He has been waging a months-long campaign against mail-in voting in November by tweeting and speaking critically about the practice, which has been encouraged by more states to keep voters safe amid the coronavirus pandemic.
In a July interview, the president similarly refused to commit to accepting the results. “I have to see. Look … I have to see,” he said on Fox News Sunday. “No, I’m not going to just say yes. I’m not going to say no, and I didn’t last time either.”
Now, a question once considered unthinkable is being asked: What if the US president does not accept election defeat? Is there a contingency plan in case the president and his supporters refuse to go quietly?
What time will we know the US election winner?
Election night may not deliver the definitive winner the public has come to expect. The unprecedented number of mail-in ballots this election, prompted by Covid-19, could cause significant delays. While some states start counting postal ballots before Election Day, some wait until the polls close.
Initial results in states that prioritise the counting of in-person votes may show Mr Trump ahead, only for Mr Biden to appear ahead later as the postal vote tallies come in.
If there is no clear winner on the night, counting could take days, or even weeks, although most officials in the vital swing states have said they hope to have declared a result by the weekend after the election at the latest.
No matter the final result, Mr Trump will remain in the Oval Office after the election if he loses. He will officially become a “lame duck” president, with 73 days of his term to serve out before handing over the keys to the White House.
On January 20, 2021, the new president will deliver his inaugural address. This has traditionally been held on the steps of the US Capitol building, but it remains unclear what form of national address would occur if the pandemic still poses a risk to the public health.

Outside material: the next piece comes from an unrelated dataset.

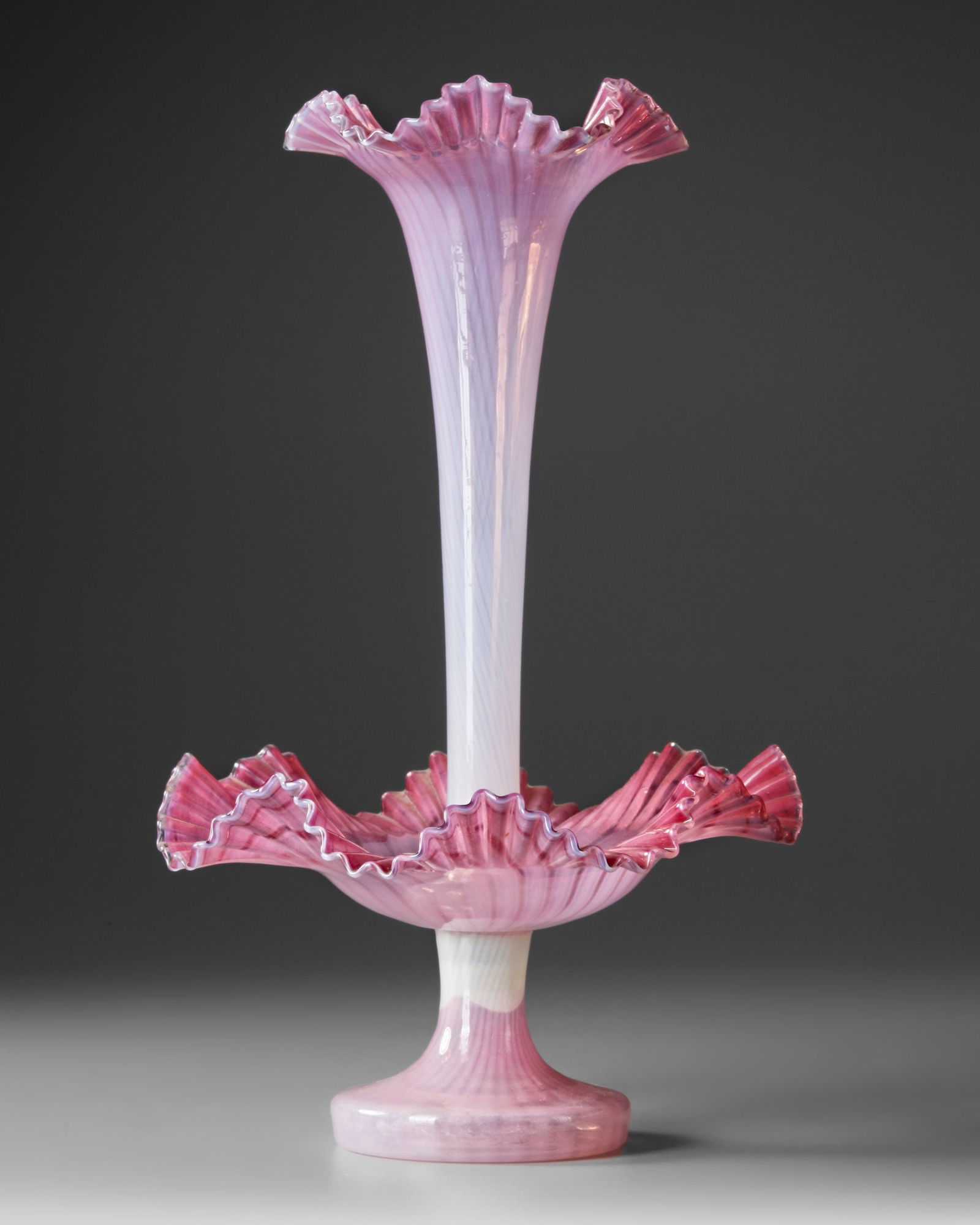 A VICTORIAN OPALINE GLASS EPERGNE CENTERPIECE, 19TH CENTURY: A stunning 19th-century Victorian opaline glass epergne centerpiece featuring a delicate fluted trumpet vase supported by an intricately ruffled lower dish. The glass showcases a soft pink gradient wi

How does the electoral college work?
Each state is represented by a number of votes in the Electoral College which roughly correlates with the size of the population; for example, Florida has 29 votes and California has 55. There are 538 in total, so 270 are needed to win.
In all but two states, the candidate who wins the public vote will win all the Electoral College votes for that state. These votes are cast by electors – there is one elector for every college vote – on December 14.
The structure of the Electoral College, combined with the political and demographic makeup of swing states, means a few states carry disproportionately more weight in an election and sometimes overrule the popular vote.